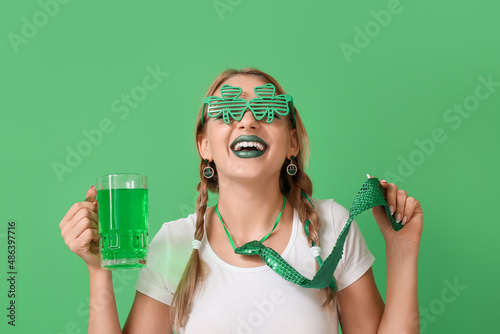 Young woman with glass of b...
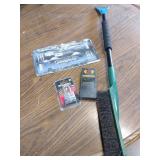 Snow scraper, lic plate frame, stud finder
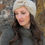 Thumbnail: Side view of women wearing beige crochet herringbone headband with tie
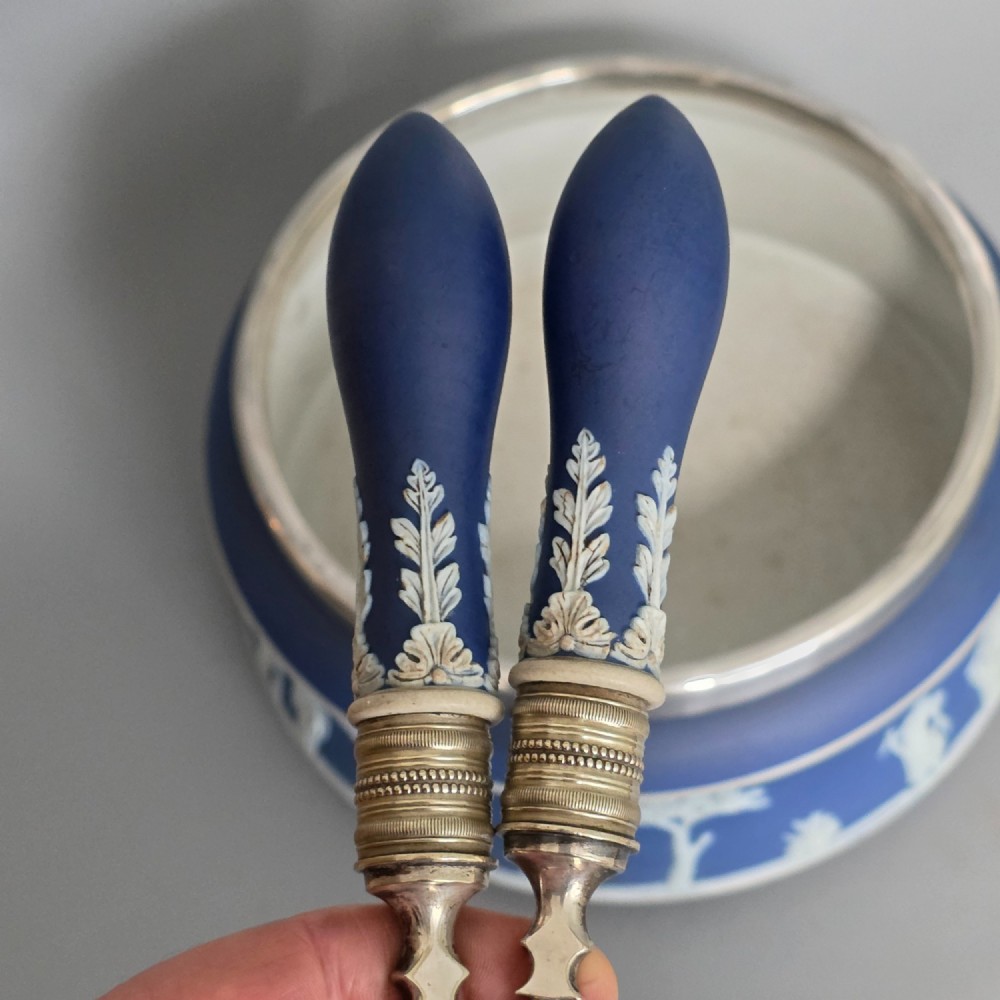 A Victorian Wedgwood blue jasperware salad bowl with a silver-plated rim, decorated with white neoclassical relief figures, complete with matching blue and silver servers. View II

§

■ Directions
Output the material word for word. Pictures do not go in.

■ The answer
 Young woman with glass of b...
 Snow scraper, lic plate frame, stud finder
 Thumbnail: Side view of women wearing beige crochet herringbone headband with tie
 A Victorian Wedgwood blue jasperware salad bowl with a silver-plated rim, decorated with white neoclassical relief figures, complete with matching blue and silver servers. View II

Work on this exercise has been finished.